Clothing upcycling : from tunic to skirt

Two years ago, I decided to make a short tunic from a japan style inspired magazine. I had some tweed in my stash, just enough to sew this pattern. It is simply made of 4 rectangles, so it would be quick and easy to make !

As I thought the tunic looked good in the magazine, I adapted the it to my measurement to reproduce the proportions of the photo. I increased the width and the height of the front and back pieces and increased the measurements of the sleeves accordingly.

As I didn’t have much fabric, I was satisfied to at least match the horizontal lines of the back piece with the lines on the sleeves.

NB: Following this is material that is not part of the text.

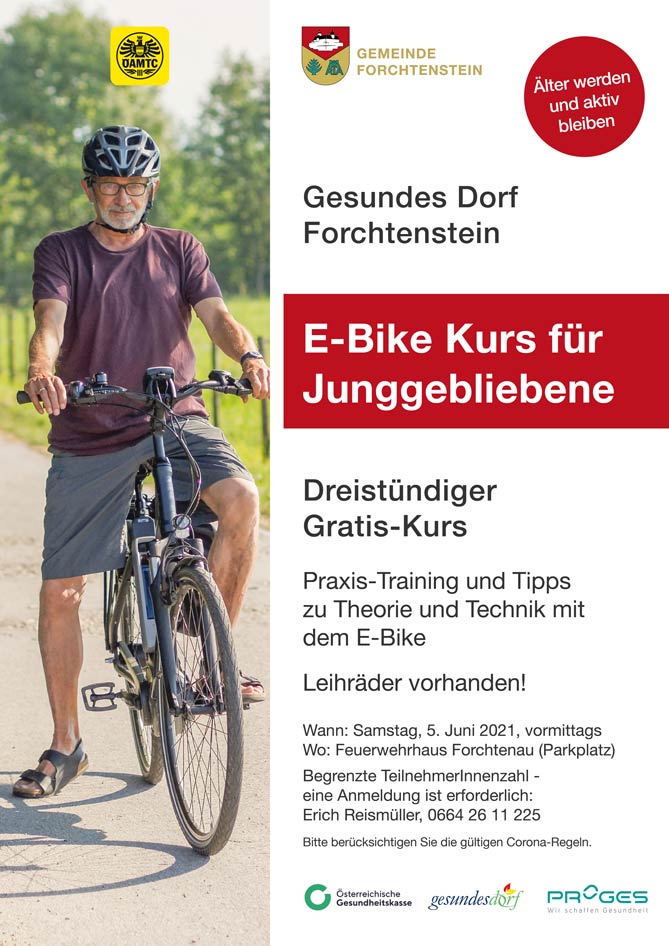 E-Bike Kusr Gesundes Dorf Forchtenstein Juni 2021 (WEb)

I have worn this tunic quite a lot, but each time I would, I got annoyed by the sleeves : they were too bulky in a mantel and they would get caught in door knobs all the time. The tunic looked also a little too loose fitting near the sleeves and shoulders. I thought it could be a good idea to decrease the bust width a little.

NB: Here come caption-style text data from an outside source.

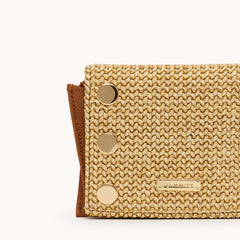Allen Wallet - Cocoa Raffia G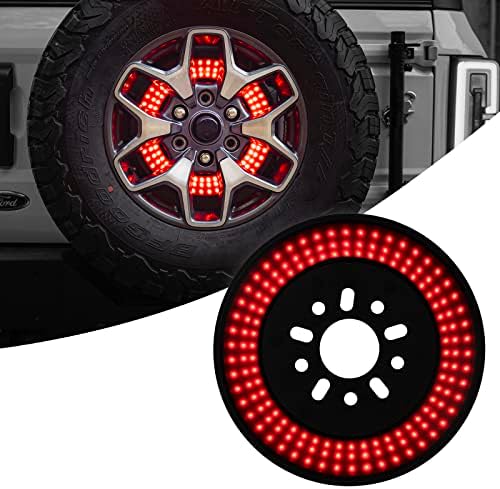 Riasdy RGB Променя Цвета Стоп-сигнал с Резервна гума за Ford Bronco 2021 2022 2023 2- Вратите, 4-Врати с трети спирачен фенер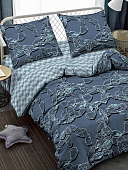 Комплект постельного белья 2 спальный Amore Mio BZ QR Frame, эко коттон Комплект постельного белья 2 спальный Amore Mio BZ QR Frame, эко коттон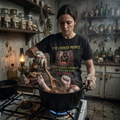 "I've Cooked People" – Women's Dark Humor Witch Graphic T-Shirt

I cut the serged sleeve hems and cut a stipe af fabric on each side of the front and back pieces. I also cut a stripe at the bottom to keep the proportions and decreased the size of the sleeves.

Sadly, the result didn’t look better at all and got quite ugly indeed. I didn’t want to threw away the fabric, so I decided to unpick the tunic again to make something else like a skirt.

I used a seam ripper for the bottom and sleve seams and I cut away the sleeve hems and looked in may patterns to find a garment that would need so few fabric.

In one of my books by Annabel Bennilan, I found the Miami skirt. I like this pattern because it’s cute and it has pockets..

I had already made this skirt once in size 36, but with lockdowns I have put on some weight, so I decided to make a size 38 this time. I draw the pattern on tracing paper and cut the pieces in fabric using my new Hello K***y sewing weights.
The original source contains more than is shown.